Platform AI: What Your Cloud Already Offers
The Platform AI Premise
Cloud providers have embedded AI capabilities directly into their services. AWS has done this across CloudWatch, Cost Explorer, CodeGuru, DevOps Guru, and Q Developer. These are not integrations you build — they're features you enable.
The premise is compelling: AI that already understands your cloud infrastructure, trained on millions of AWS deployments, available at a click.
The reality is more nuanced.
AWS AI Services Relevant to DevOps Operations
CloudWatch Anomaly Detection
CloudWatch can learn what "normal" looks like for a metric — CPU utilization, request latency, error rates — and alert when the observed value deviates significantly from the expected band.
What it does well:
- Eliminates static threshold management (no more "alert if CPU > 80%")
- Adapts to weekly and daily patterns automatically
- Works across any CloudWatch metric with enough history (2 weeks minimum)
The ceiling:
- It detects the anomaly. It does not investigate why.
- It cannot cross-reference with your deployment timeline.
- It fires an SNS notification. What happens next is entirely manual.
Cost Explorer
Cost Explorer provides AI-assisted cost analysis: anomaly detection on spending patterns, rightsizing recommendations for EC2 instances, and a natural language query interface.
What it does well:
- Identifies unexpected cost spikes by service and account
- Generates monthly cost forecasts
- Provides instance rightsizing recommendations
The ceiling:
- Recommendations are generic — it doesn't know your team's SLAs, traffic patterns, or capacity planning constraints.
- It can't correlate cost spikes with specific deployments or code changes.

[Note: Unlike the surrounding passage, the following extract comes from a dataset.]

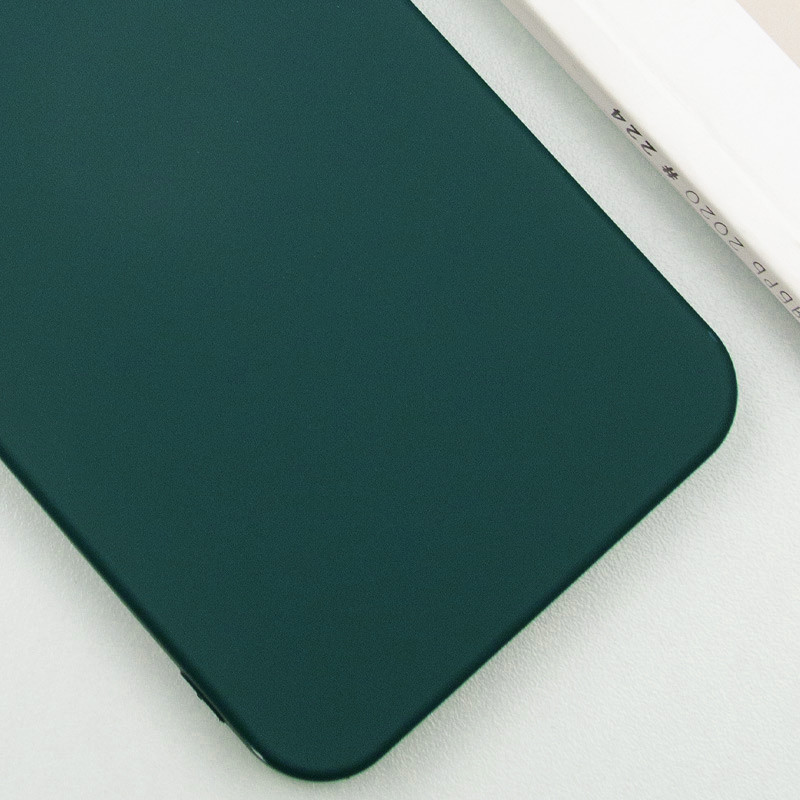 Фото Чехол Silicone Cover Lakshmi (AA) with Magnetic Fit для Google Pixel 9 / 9 Pro (Зеленый / Dark green) в магазине vchehle.ua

- It doesn't know that your staging environment runs 24/7 because of a configuration drift issue from three months ago.
Amazon Q Developer
Q Developer is an AI code assistant with deep AWS service knowledge. It can explain, generate, and review IaC code (Terraform, CloudFormation, CDK), and perform security vulnerability scans.
What it does well:
- Explains complex Terraform or CDK configurations clearly
- Identifies common security misconfigurations (e.g., overly permissive IAM, missing encryption)
- Generates boilerplate from natural language descriptions
The ceiling:
- It knows AWS services broadly but not your specific architecture.
- It cannot query your live infrastructure state.
- It doesn't know your team's naming conventions, tagging strategies, or approved AMI list.
DevOps Guru
DevOps Guru ingests CloudWatch metrics, CloudTrail events, and Config change history to identify cross-service operational anomalies that individual service alarms might miss.
What it does well:
- Surfaces relationships between issues across services (e.g., "Lambda errors correlate with DynamoDB throttling")
- Detects anomalies before they escalate to incidents
- Integrates with Systems Manager OpsCenter for ticket creation
The ceiling:
- AWS-only — cannot incorporate on-prem, GCP, or third-party observability data.
- Cannot execute remediation actions.
- Does not know your runbooks, escalation procedures, or SLOs.
The Capabilities Matrix
| Feature | Detects | Investigates | Executes | Knows Your Context |
|---|---|---|---|---|
| CloudWatch Anomaly | Yes | No | No | No |
| Cost Explorer | Yes | Partial | No | No |
| Q Developer | N/A (code) | Yes (code) | No | No |
| DevOps Guru | Yes | Partial | No | No |
| Custom Agent | Yes | Yes | Yes | Yes (if you build it) |
The pattern is clear: platform AI is excellent at detection and weak at investigation and action.
The Vendor Lock-In Consideration
Platform AI ties your operational intelligence to a single cloud provider's view of your infrastructure.
If your organization runs workloads on AWS and GCP, your CloudWatch anomaly detection is blind to GCP metrics. If you migrate to Azure, your Cost Explorer history doesn't come with you. If you adopt on-prem Kubernetes, DevOps Guru doesn't help.
Custom agents built with a provider-agnostic framework (like Hermes) can span cloud providers, on-prem systems, and third-party services. The intelligence lives in your domain skills, not in the platform.
Key Insight: The Gap
Platform AI is pre-trained and general-purpose. It was trained on the broad patterns of AWS usage across all customers.
It does not know:
- YOUR infrastructure topology
- YOUR runbooks and escalation procedures
- YOUR team's risk tolerance and decision criteria
- YOUR deployment pipeline and change velocity
- YOUR SLOs and error budgets
This is the gap that custom agents fill. A custom agent carries your context — encoded in SKILL.md files — and uses it every time it analyzes an alarm, reviews a cost report, or investigates a deployment failure.
The capability difference isn't about AI sophistication. It's about context. Platform AI has none of yours. Your agent can have all of it.